Straight away -
"TV, Broadband and Phones £100"
Wtf! What is the breakdown there? I'm guessing with sky or virgin? If so when can you leave them? They are extortionate and don't even provide a great service
"BT Broadband and landline is £29.99" that's ridiculous!
If you went "back to basics" you could easily do:
£12 tv licence
£16 broadband
£15 2 phones sim only contracts
Total £43
Even if you added Netflix 2 screens that's only another £8.99 - why are you paying £9.99?
"I own my phone outright as it was a Birthday present."
"My phone is £13" for sim only? With who?
When does his contract end?
Going deeper
Electric, Gas, Water, Council Tax £278
Again need a proper breakdown, are you with cheapest suppliers?
Water - is that based on usage and if so can you reduce usage?
Gas & electric - again check your usage, does the house really need to be that warm, even when you're not home? Most homes are well insulated now so cope fine with heating going off about an hour before you usually leave, are you in appropriate clothes for the season or overheating the house and lounging about in t-shirts? Electric cooker? Cook double, reheating the same meal another day in the micro can reduce costs, there are also meals you can cook entirely in micro. Have you a slow cooker? Much cheaper to use than an oven and can be used for loads. Are you switching devices OFF rather than leaving on standby or even worse leaving on when not in use? Ditto lights. Do you really need hot water ready to go ALL the time? Even when you're out?
"Food £500"
What "level" are you shopping at, are you a brand fan? Most people can manage to go a "level" down without a noticeable difference in most products. Even if you don't do it for all products it could still make a significant saving for you.

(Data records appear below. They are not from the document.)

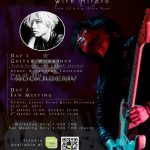 EVENTS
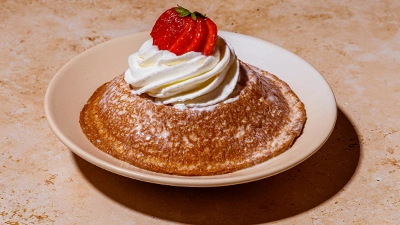 Tres Leches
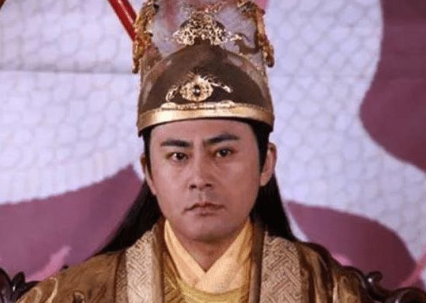 1632464245365530.png image.png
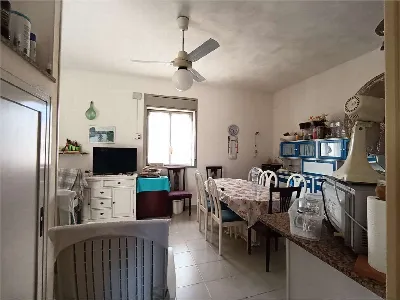 Villa in vendita a Siracusa, Isola, plemmi... - foto 3
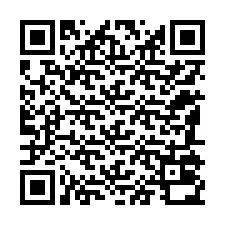 QR Code for Phone number +12185030814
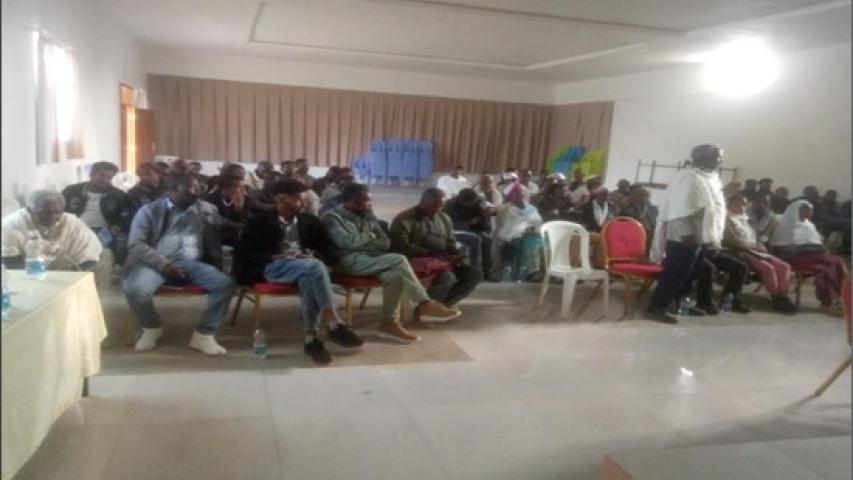 eti77687 charla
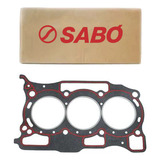 Sabó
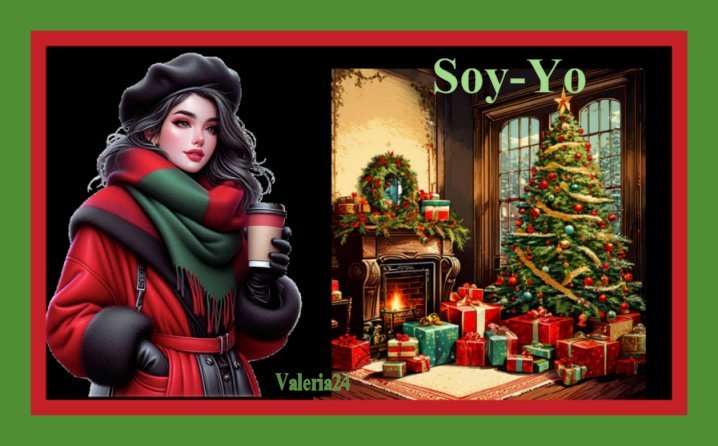 zepedaperezmmmarthanadiasoy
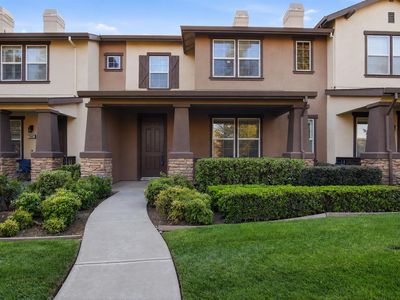 Property at 570 Cutting Horse Dr Unit 143, Oakdale, CA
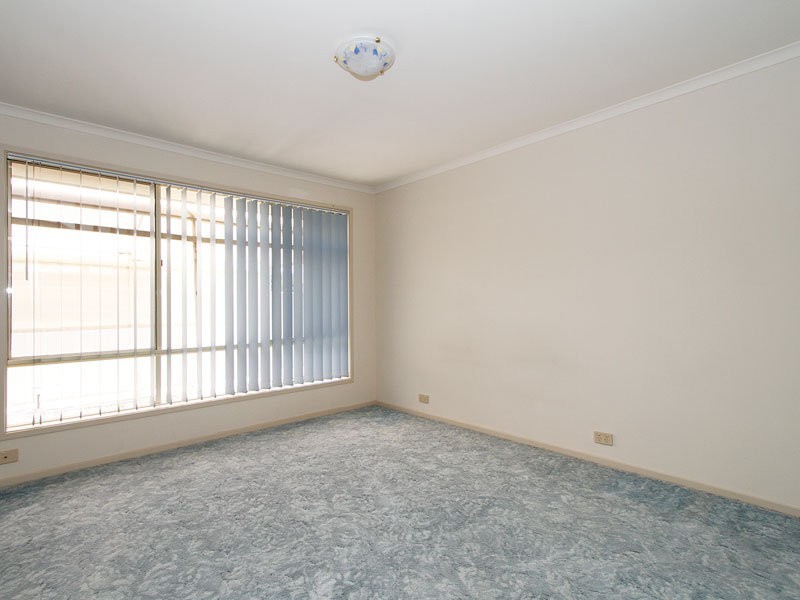 11 Pebble Court, Aldinga Beach SA 5173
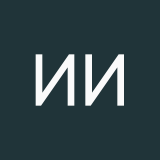 Изадора-Мун Изадора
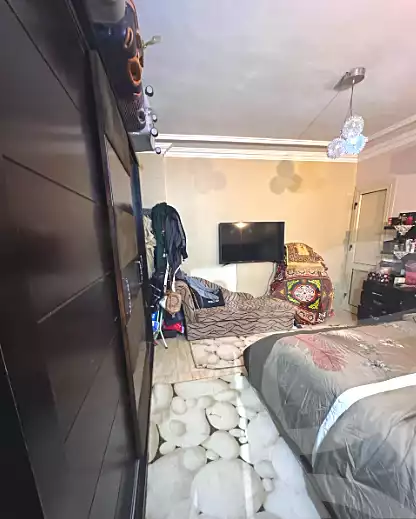 https://aqarmap.com.eg/ar/listing/6860399-for-sale-cairo-faisal-shareaa-el-safa-wa-el-marwah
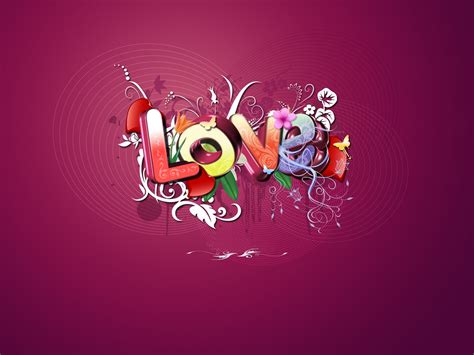 Beautiful Love Backgrounds For Your Desktop Cah Wallpaper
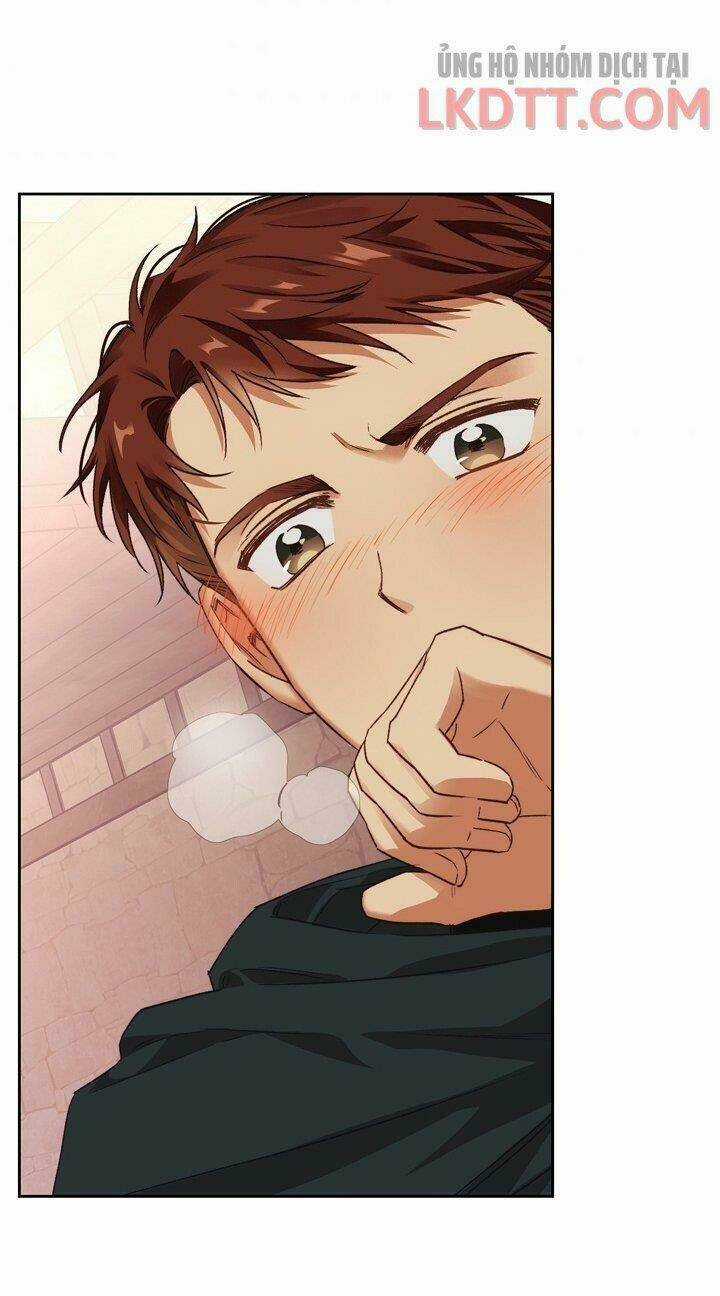 Ác Nữ Xứng Đôi Với Bạo Chúa Chapter 65 trang 6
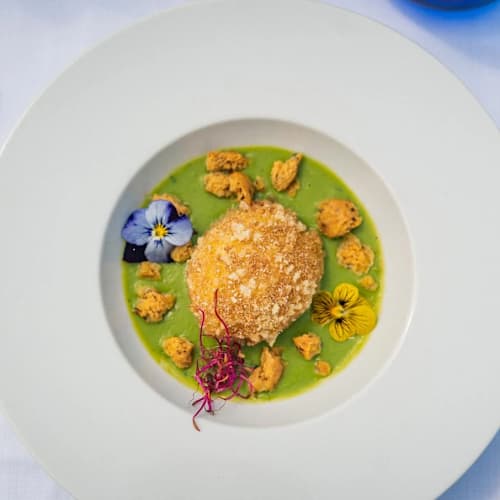 Lagorà - Ristorante, Pizzeria & B&B Milano, San Giuliano Milanese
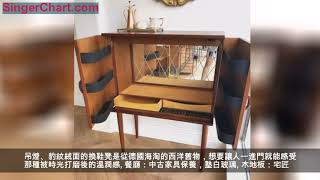 如何在中國普通小區里,建一座歐洲原味兒老公寓 如何在中國普通小區里,建一座歐洲原味兒老公寓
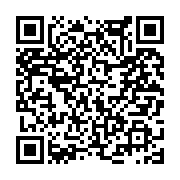 고시/공고 페이지 바로가기 주소(https://www.jangseong.go.kr/q/ezIyOHwyNjQzOXxzaG93fHBhZ2U9MTI2fQ==&e=M&s=3), QRCODE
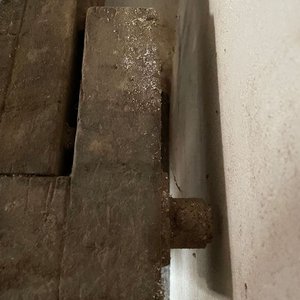 Banco de Carpintero Macizo con Dos Morzas - imagen 9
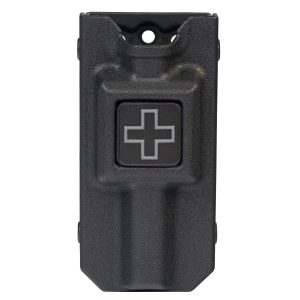 NORTH AMERICAN RESCUE RIGID GEN 7 C-A-T TQ CASE / BELT TOURNIQUET HOLDER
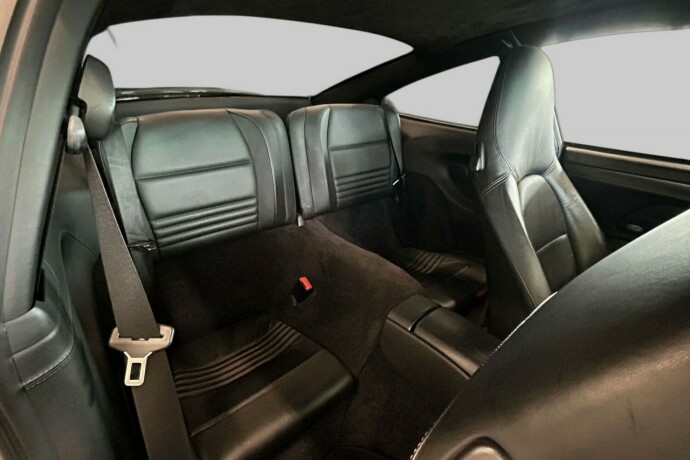 porsche-911-bensin-2001-big-14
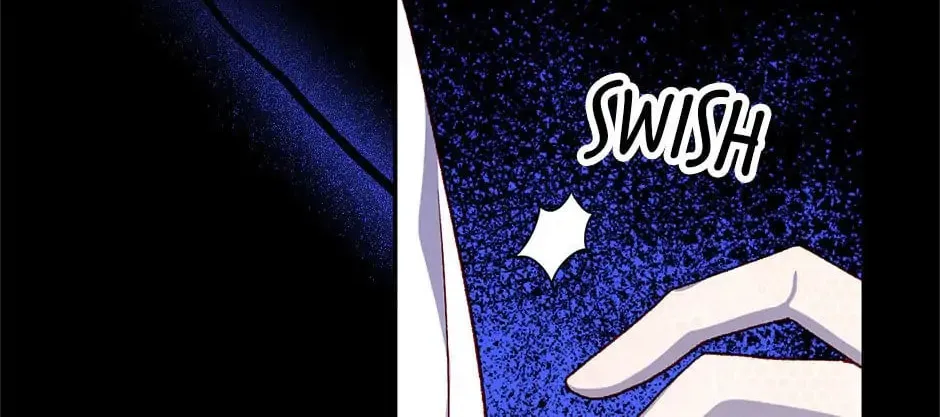 Surviving as a Maid Chapter 98 page 46 - 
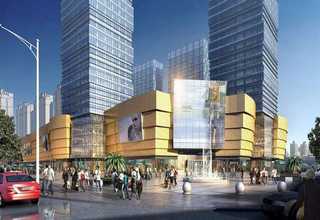 天津医院冰棺供应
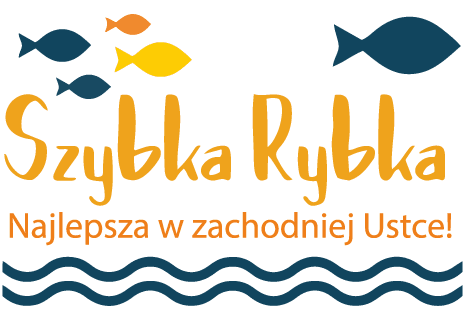 Szybka Rybka en Ustka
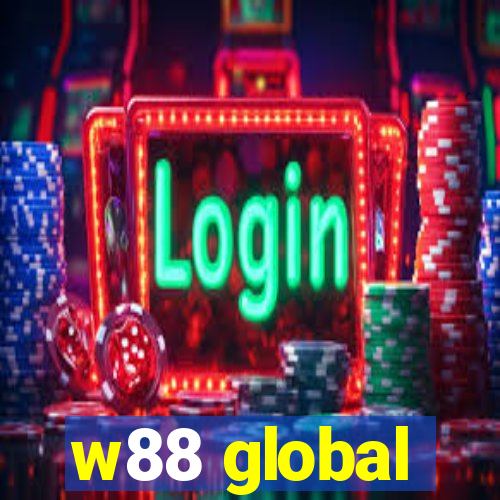 w88 global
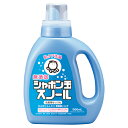 ★8/4-11 P最大27倍★【教育施設様限定商品】-ed 194783 シャボン玉スノール詰替5L メーカー名 シャボン玉石けん 026081-【教育・福祉】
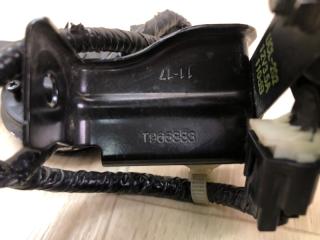 Сигнал CIVIC FC/FK 15-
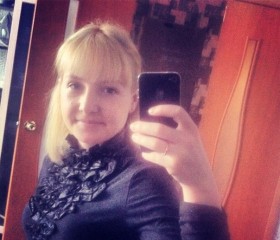 Елизавета, 30 лет, Казань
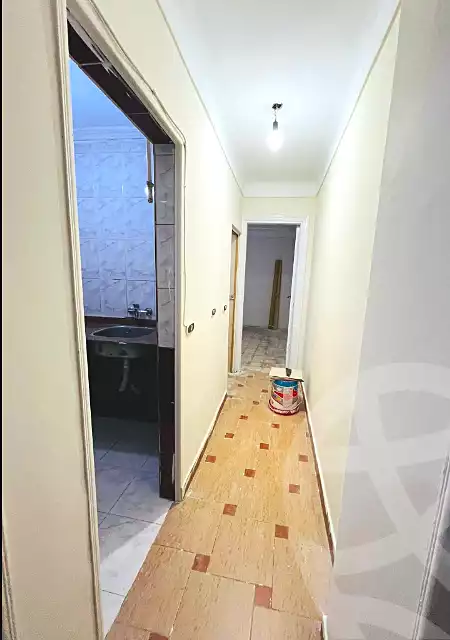 https://aqarmap.com.eg/en/listing/6750047-for-sale-alexandria-lsywf-el-falki-street-16-el-eslah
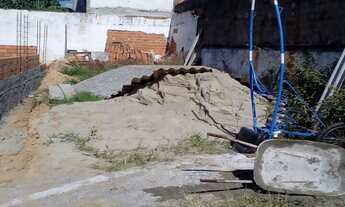 Imagem 5: Terreno Jd.Josane, terreno Aparecidinha, Terreno Sorocaba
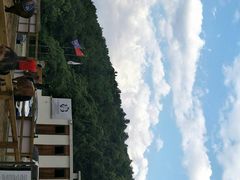 -枫露马术学院(藏书校区)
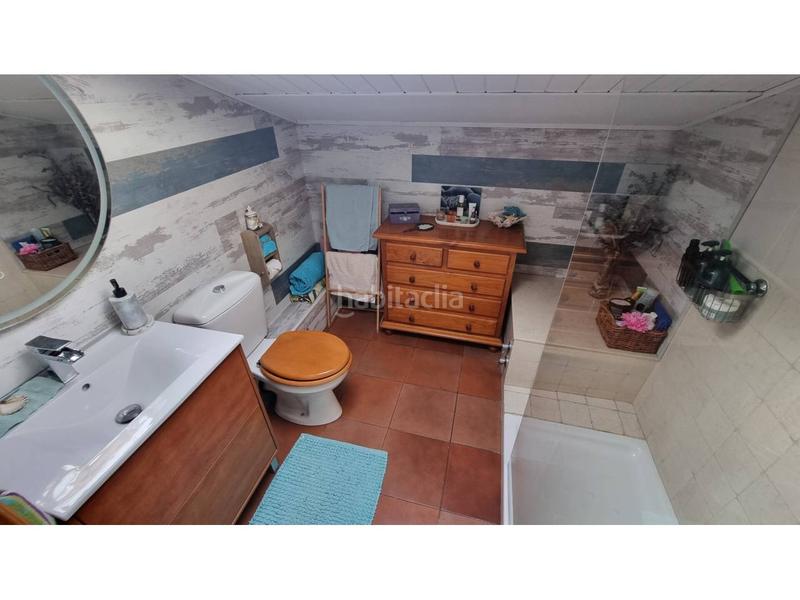 Foto 77910d8c-314c-45b1-9903-2458d229f4fe. Duplex avec chauffage parking dans Can bassa Granollers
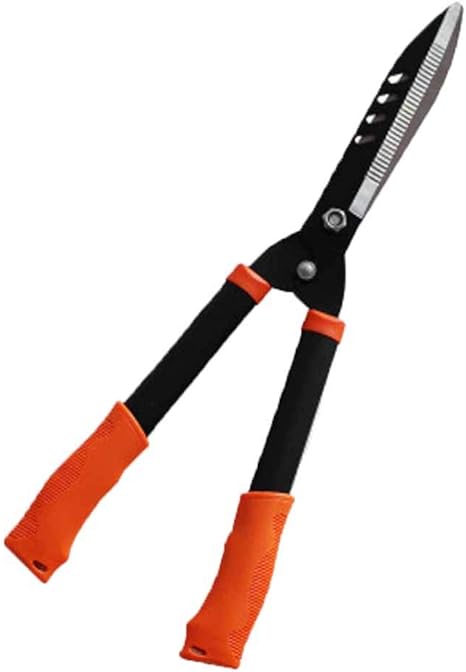 lawn shears amazon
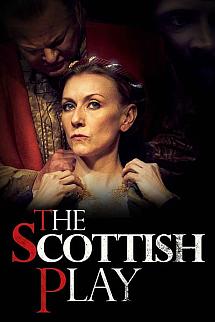 The Scottish Play izle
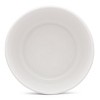 Noritake Colorscapes Layers Set of 4 Soup/Cereal Bowls - 3 of 4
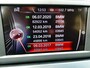 BMW 2-Serie Active Tourer 220i Exe Automaat 192pk Clima Cruise Navi PDC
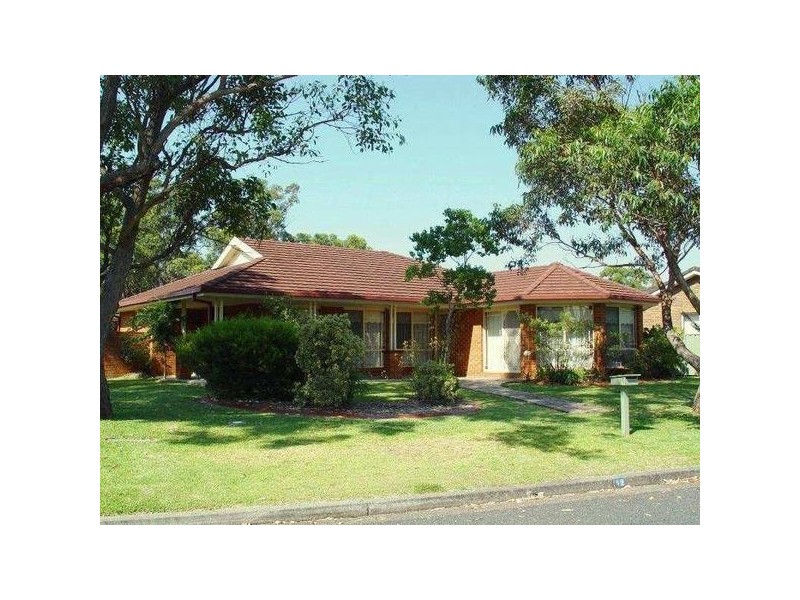 12 Budgeree Street, Tea Gardens NSW 2324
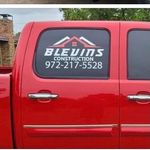 Ryan Blevins - @blevins_construction - Instagram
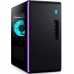Alienware Aurora , ACT1250, Ultra 7 265KF, 32GB, 1TB NVMe, 11 PRO, RTX 5070 Ti, DELL 3 YRS PREMIUM, 12AO HGNSRJ4, 10616 Alienware Aurora , ACT1250, Ultra 7 265KF, 32GB, 1TB NVMe, 11 PRO, RTX 5070 Ti, DELL 3 YRS PREMIUM, 12AO HGNSRJ4, 10616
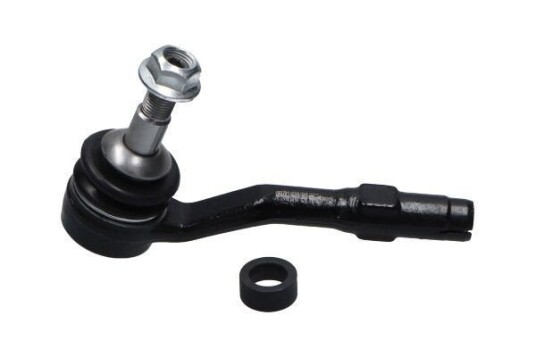 Endeledd KAVO PARTS STE-10151 Endeledd KAVO PARTS STE-10151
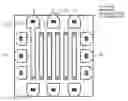 Fig. 01 - Inductor and method of manufacturing the same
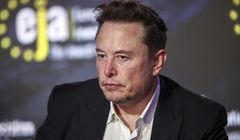 SpaceX, Tesla i xAI Elona Muska rozmawiają o fuzji
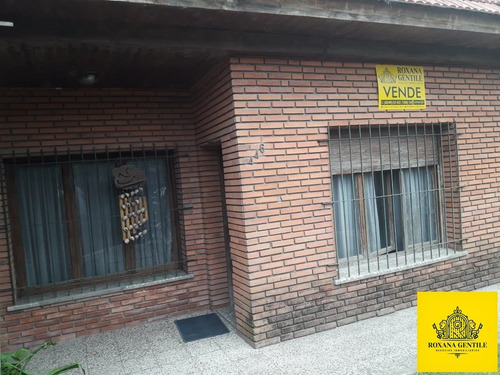 Imagen 5 de 7 de Vendo Casa En Monte Grande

"food bill includes pet essentials, cleaning and laundry products, and nappies." These are very rarely cheapest at the supermarket especially the big name supermarkets. Do you shop around? I don't know about pet stuff but certainly cleaning and laundry products & toiletries are cheaper at places like wilko, pound shops, home bargains, B&M and similar.
Nappies again I'm not particularly familiar but my friends with babies tend to buy from Aldi/lidl or in bulk from Amazon or Costco.
So if you're saving on non-food items you'd be able to still have the food you like.
"Fuel £250" this is so dependent on region, cars, usage etc but on money saving expert there's a LOT on reducing fuel consumption by changing driving style, ensuring good car maintenance etc there are also apps and websites that tell you which of your local petrol stations are cheapest that week, we've a local Facebook page someone updates this on weekly.
Have you loyalty cards for everywhere you shop that does them? (Particularly useful for Christmas/birthdays)
"And we pay £25 to an ex gas and Alex provider from our old house" need to know more about this.